A rising tide of indigenous opposition to the Alaska State holiday known as Alaska Day is simmering in some factions of the Native community. How will it get expressed this year during the day that honors a significant event between two sovereign nations — Russia and America?

Not everyone is happy with Alaska Day.

Some say they want the day known as “DeColonize Alaska Day,” or “Truth and Reconciliation Day” in recognition of the first various inhabitants of the land, and the somewhat dubious transfer of a deed that didn’t include the people who got here first.

Tribes and bands of people lived in the vast Alaska region before Vitus Bering, the Danish explorer in the Russian Navy, caught his first glimpse of the land known to the Aleuts as “Alyeska.”

The Russians claimed the territory, and the U.S. purchased it from Russia in 1867. It was first a district, then a territory. Statehood came on Jan. 3, 1959. And the rest, as they say, is history.

But Alaska Day marks the official transfer of the deed from the Russians, and there are plenty of Natives who don’t think that purchase was legal then, nor should that deed be honored now.
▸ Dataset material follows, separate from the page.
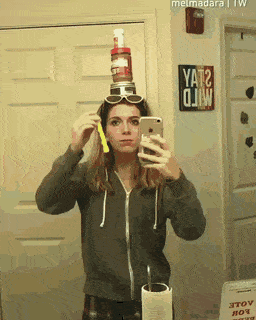 Acid Gifdump, June 19 (25 gifs)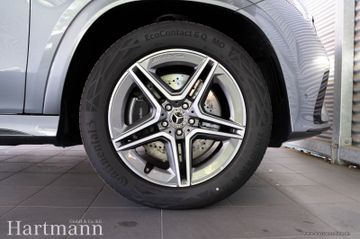 Mercedes GLE 300 - 6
Essentially, it’s a public statement that challenges the U.S. title to the land.

That’s made for uncomfortable interactions in Sitka, where the official transfer took place, and where Alaska Day is celebrated with gusto every year, with bagpipe bands, beer festivals, dances, tours, a reenactment ceremony, and a parade. It’s a week-long festival that draws hordes of visitors to town during the off-tourism season.

Since 2017, a group of local Tlingits and supporters have staged a counter-event to protest the colonization of Alaska. This year, letters to the editor in the local newspaper are once again raising the awareness that the official State of Alaska holiday is a day when some Alaskans mourn the uninvited colonists, stampeders, missionaries, oil drillers, and the history of Statehood itself.

It’s unclear what exactly the protesters want besides renaming the day, or if they’ll once again carry signs, and pound drums to express their displeasure with what is a high holy day in Sitka. Some have discussed the creation of a “Truth and Reconciliation Commission,” as occurred during the dismantling of apartheid in South Africa.

A video tour of Alaska Day in Sitka in 2018.

This year’s celebration theme is “Frontier First Responders.” Thursday, visitors coming to Sitka by air will be greeted at the airport by people in 1860s period costumes. Along with history exhibits and interpretive tours around town, there’s the Alaska Ball starting at 7 pm in Harrigan Hall, with more period costumes and a performance by the New Archangels Dancers, a 50-year-old dance troupe that celebrates Russian folk dance.

Friday features an underground tour of St. Michael’s Orthodox Cathedral, Russian Bishop’s House open house, a beer festival, Pioneers Home open house, and the parade at 2:30 pm. More events continue on Saturday, concluding with a variety show in the evening.

See the entire schedule of events at this link.

Will Native protesters dampen the celebrations? Perhaps, or perhaps not. The new Indigenous Peoples Day, which was Monday — same day as Columbus Day — may take the sting out of the wound that some Natives feel about Alaska Day festivities.